▶ YOUR ASSIGNMENT
In exact form, please repeat the records from their opening line down to the line with "Kıbrıs’ın kaderini değiştiren", including that line.

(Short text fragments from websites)

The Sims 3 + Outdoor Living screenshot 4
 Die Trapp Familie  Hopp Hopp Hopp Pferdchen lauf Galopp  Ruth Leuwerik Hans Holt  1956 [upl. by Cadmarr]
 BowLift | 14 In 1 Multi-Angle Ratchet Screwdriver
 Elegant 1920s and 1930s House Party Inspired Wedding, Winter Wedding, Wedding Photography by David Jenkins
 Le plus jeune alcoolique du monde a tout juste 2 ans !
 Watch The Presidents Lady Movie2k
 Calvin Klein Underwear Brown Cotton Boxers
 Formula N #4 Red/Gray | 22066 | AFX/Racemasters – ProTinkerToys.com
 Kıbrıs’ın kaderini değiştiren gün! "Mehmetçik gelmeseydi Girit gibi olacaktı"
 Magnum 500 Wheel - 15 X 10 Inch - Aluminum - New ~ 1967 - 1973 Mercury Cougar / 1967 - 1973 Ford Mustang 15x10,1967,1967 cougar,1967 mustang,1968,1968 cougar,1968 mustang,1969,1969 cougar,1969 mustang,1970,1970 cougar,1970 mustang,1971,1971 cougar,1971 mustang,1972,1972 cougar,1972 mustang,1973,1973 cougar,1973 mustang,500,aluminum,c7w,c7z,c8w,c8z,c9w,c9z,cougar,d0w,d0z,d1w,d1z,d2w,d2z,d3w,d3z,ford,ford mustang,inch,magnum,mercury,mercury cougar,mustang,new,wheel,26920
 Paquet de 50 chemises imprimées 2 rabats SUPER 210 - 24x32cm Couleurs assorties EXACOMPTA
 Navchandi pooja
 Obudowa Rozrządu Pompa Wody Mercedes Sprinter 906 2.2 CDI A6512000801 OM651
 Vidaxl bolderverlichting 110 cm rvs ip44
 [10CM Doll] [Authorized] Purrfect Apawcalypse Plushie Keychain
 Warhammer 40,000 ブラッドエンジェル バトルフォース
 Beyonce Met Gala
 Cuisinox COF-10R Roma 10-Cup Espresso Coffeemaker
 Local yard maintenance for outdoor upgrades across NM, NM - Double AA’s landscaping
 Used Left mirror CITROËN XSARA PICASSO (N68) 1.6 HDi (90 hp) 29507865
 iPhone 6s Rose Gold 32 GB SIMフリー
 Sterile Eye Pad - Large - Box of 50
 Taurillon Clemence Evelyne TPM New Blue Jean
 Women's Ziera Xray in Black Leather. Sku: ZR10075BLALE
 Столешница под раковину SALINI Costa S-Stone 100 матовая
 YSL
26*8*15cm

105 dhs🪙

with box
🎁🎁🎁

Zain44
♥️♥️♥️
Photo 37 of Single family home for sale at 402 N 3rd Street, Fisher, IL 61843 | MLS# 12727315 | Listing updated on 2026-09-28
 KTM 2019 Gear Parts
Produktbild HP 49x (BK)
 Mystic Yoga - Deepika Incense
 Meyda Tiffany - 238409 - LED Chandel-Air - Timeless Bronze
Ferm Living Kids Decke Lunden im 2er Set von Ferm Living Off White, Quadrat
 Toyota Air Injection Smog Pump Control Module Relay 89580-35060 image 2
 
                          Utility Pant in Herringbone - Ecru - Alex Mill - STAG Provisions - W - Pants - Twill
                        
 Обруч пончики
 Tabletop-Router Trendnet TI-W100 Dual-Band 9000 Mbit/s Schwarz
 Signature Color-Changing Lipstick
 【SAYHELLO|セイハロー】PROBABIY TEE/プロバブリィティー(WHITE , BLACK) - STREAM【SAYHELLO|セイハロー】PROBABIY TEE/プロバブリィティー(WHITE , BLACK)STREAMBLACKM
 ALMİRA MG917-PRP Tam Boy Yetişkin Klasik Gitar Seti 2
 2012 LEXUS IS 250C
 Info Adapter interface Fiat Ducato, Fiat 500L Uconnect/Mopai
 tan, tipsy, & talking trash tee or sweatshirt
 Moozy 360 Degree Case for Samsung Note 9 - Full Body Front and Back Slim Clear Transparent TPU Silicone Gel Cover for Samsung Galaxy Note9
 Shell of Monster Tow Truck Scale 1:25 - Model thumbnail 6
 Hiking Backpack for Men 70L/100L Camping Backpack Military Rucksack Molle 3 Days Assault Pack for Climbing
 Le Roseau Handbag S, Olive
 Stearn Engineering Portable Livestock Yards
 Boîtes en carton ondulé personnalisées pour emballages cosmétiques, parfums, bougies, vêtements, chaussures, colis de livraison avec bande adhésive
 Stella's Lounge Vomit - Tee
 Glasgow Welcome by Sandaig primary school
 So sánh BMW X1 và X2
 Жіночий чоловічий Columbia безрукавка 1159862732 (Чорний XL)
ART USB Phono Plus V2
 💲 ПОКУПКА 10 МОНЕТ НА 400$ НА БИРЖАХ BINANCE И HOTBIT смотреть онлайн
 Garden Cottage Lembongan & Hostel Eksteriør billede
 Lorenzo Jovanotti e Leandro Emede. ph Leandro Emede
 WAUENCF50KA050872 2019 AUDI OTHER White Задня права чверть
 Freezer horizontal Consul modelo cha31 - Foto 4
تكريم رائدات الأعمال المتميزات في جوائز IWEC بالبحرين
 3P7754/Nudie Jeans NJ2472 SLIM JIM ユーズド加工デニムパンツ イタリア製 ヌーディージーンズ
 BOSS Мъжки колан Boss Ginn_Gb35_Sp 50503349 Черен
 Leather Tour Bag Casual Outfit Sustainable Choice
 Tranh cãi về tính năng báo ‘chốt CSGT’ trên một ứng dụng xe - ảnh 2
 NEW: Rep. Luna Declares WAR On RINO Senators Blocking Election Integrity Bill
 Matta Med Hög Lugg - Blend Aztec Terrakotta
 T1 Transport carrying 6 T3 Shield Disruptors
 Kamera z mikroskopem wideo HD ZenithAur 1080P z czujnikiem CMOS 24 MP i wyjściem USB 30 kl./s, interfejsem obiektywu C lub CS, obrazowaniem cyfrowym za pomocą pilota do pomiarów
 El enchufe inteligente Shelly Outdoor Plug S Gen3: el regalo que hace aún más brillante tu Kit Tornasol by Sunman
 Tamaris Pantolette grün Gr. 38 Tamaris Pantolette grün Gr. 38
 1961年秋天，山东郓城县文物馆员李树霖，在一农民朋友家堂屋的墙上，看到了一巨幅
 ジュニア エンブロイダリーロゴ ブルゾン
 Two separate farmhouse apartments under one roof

▶ TASK ANSWER
The Sims 3 + Outdoor Living screenshot 4
 Die Trapp Familie  Hopp Hopp Hopp Pferdchen lauf Galopp  Ruth Leuwerik Hans Holt  1956 [upl. by Cadmarr]
 BowLift | 14 In 1 Multi-Angle Ratchet Screwdriver
 Elegant 1920s and 1930s House Party Inspired Wedding, Winter Wedding, Wedding Photography by David Jenkins
 Le plus jeune alcoolique du monde a tout juste 2 ans !
 Watch The Presidents Lady Movie2k
 Calvin Klein Underwear Brown Cotton Boxers
 Formula N #4 Red/Gray | 22066 | AFX/Racemasters – ProTinkerToys.com
 Kıbrıs’ın kaderini değiştiren gün! "Mehmetçik gelmeseydi Girit gibi olacaktı"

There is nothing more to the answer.